_Aim of the exercise_: I would like the line with "cinnamon sticks in a white bowl on a table" and every line after it, down to the end of the entries below, output exactly and without pictures.

_Recorded data_:
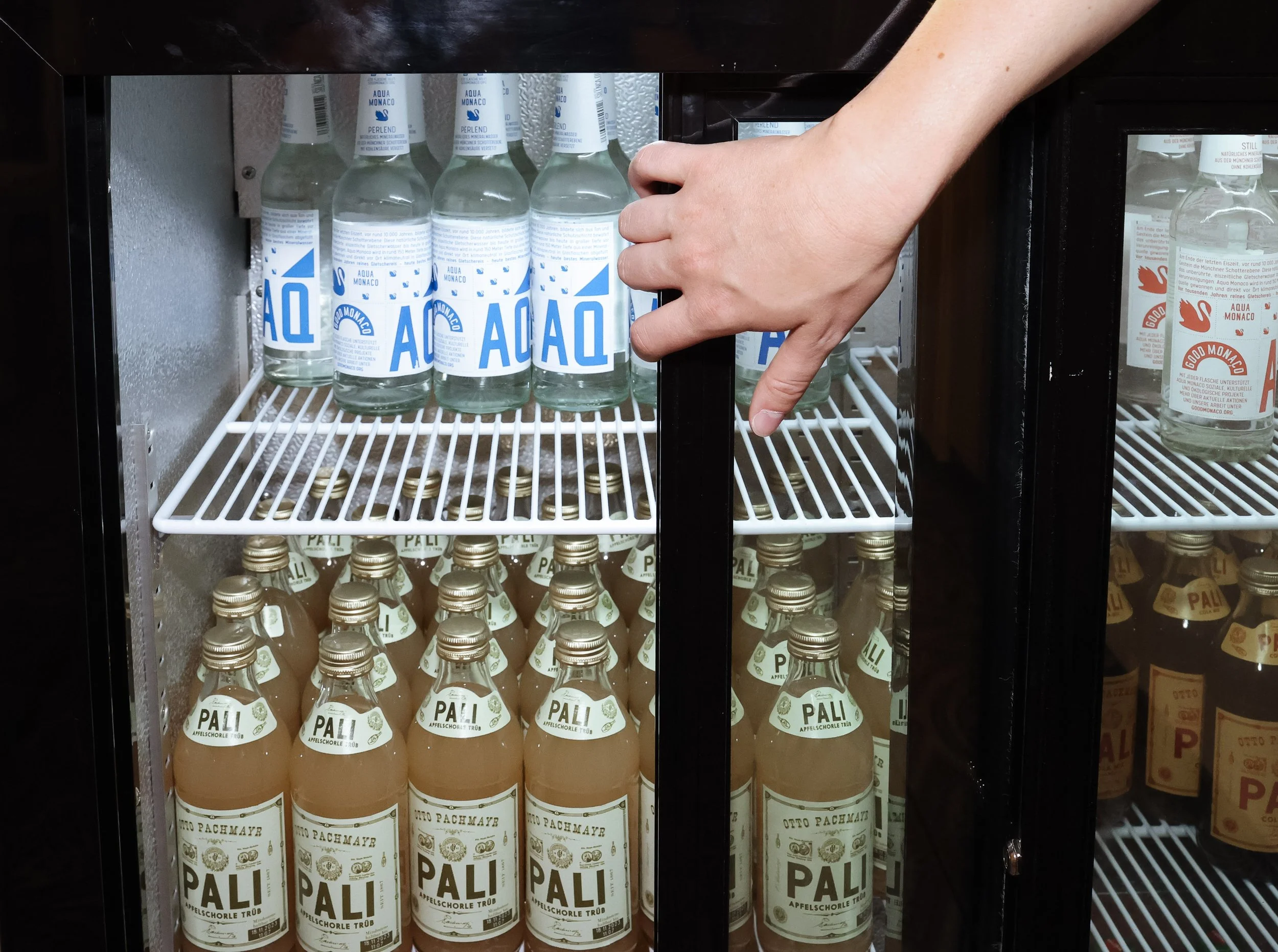 Eine Hand greift nach einer Flasche mit Pali Apfelschorle im Kühlschrank, daneben auf einem Regal befinden sich mehrere Flaschen Wasser.
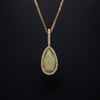 asba collection natural crystal pear-shaped opal pendant with diamond halo in 14k yellow gold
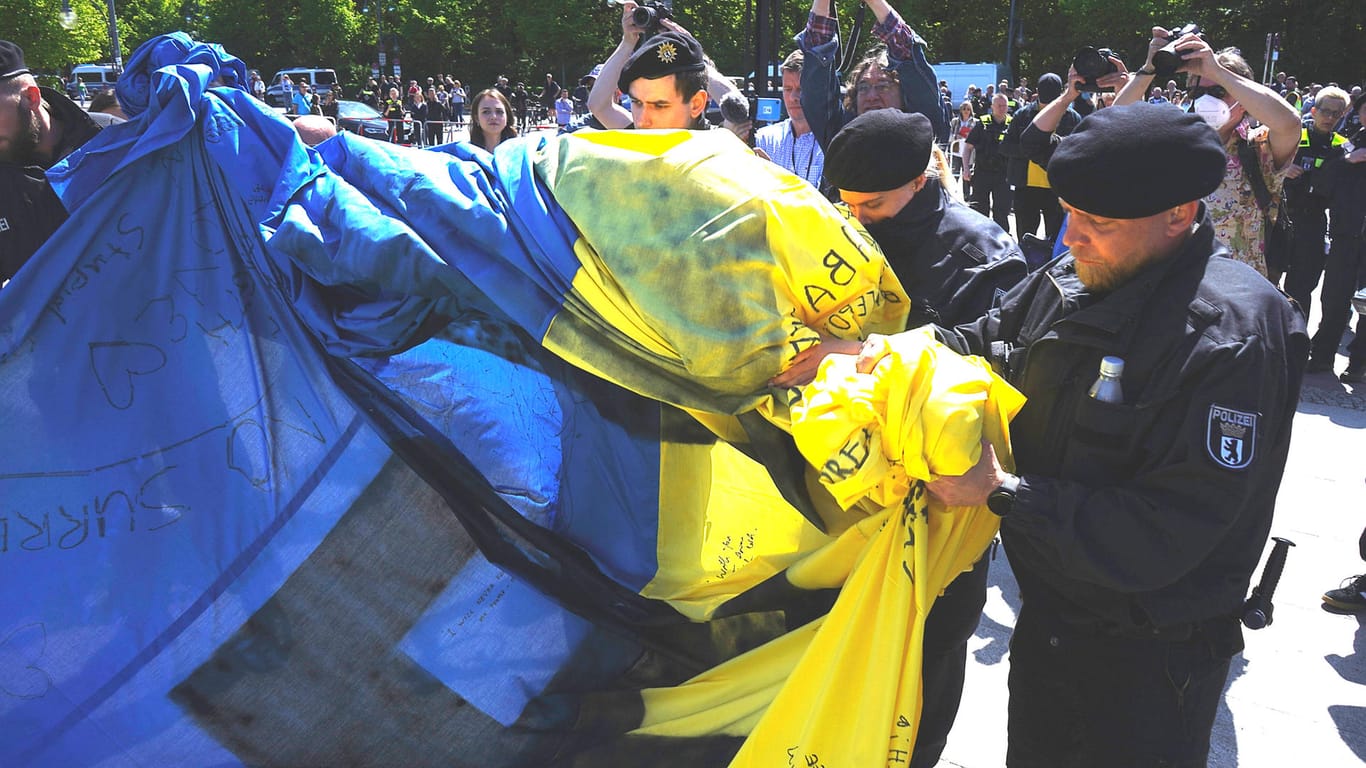 Polizisten rollen eine ukrainische Fahne ein: Die Bilder sorgten etwa beim ukrainischen Botschafter Melnyk für Empörung.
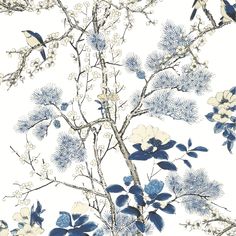 a blue and white floral wallpaper with birds on the branches in front of it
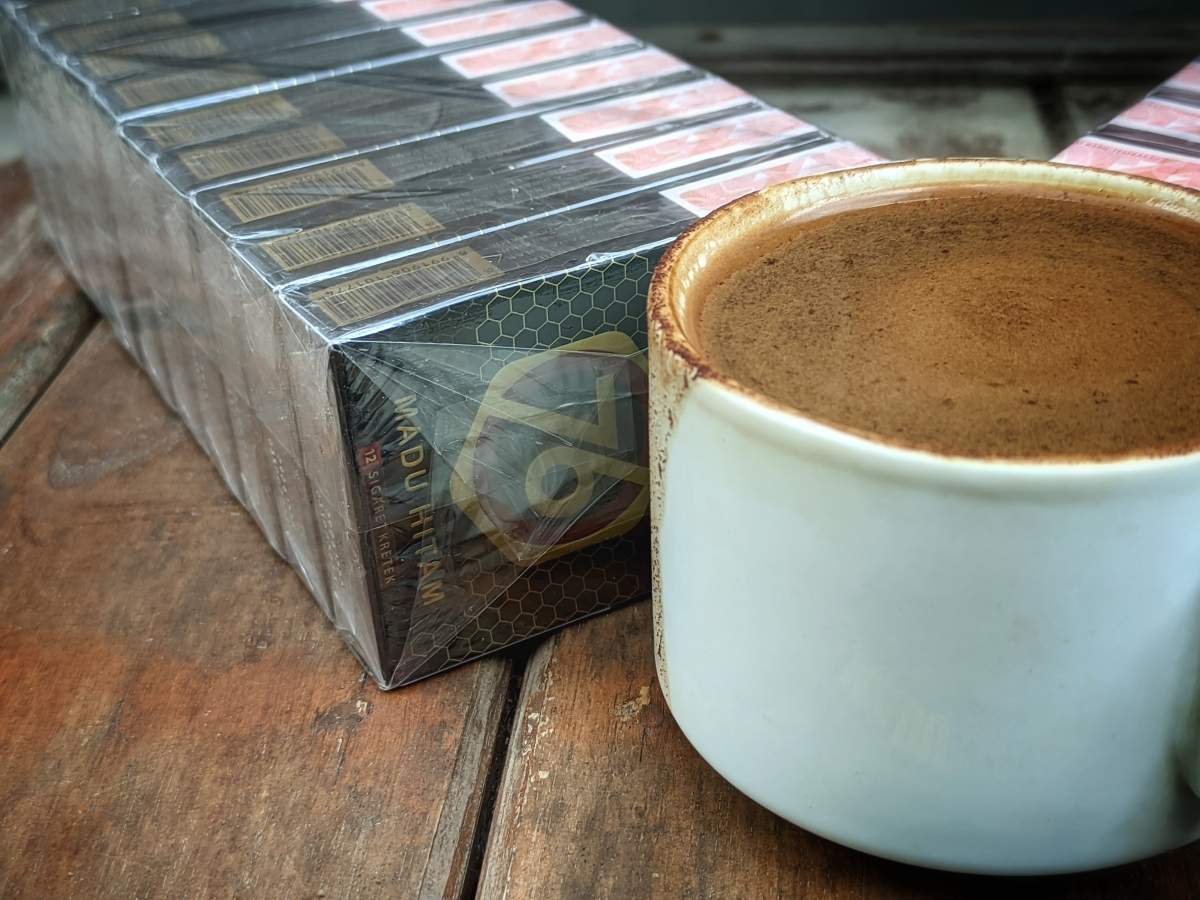 secangkir kopi dan satu slop djarum 76 madu hitam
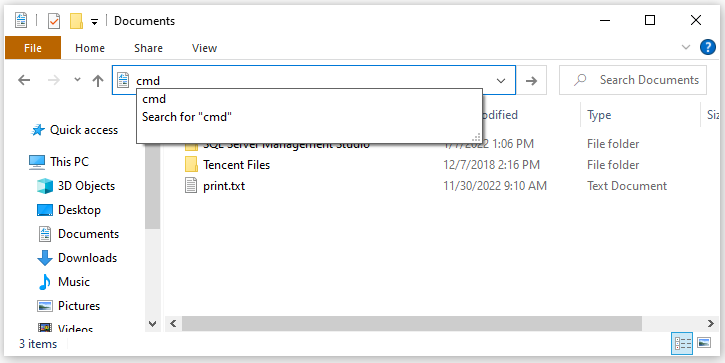 type cmd in the search bar of Windows File Explorer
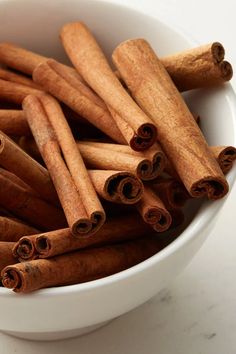 cinnamon sticks in a white bowl on a table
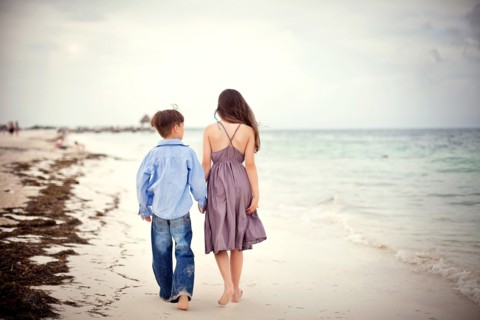 Brother and sister walking on beach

_Finished exercise_:
 cinnamon sticks in a white bowl on a table
 Brother and sister walking on beach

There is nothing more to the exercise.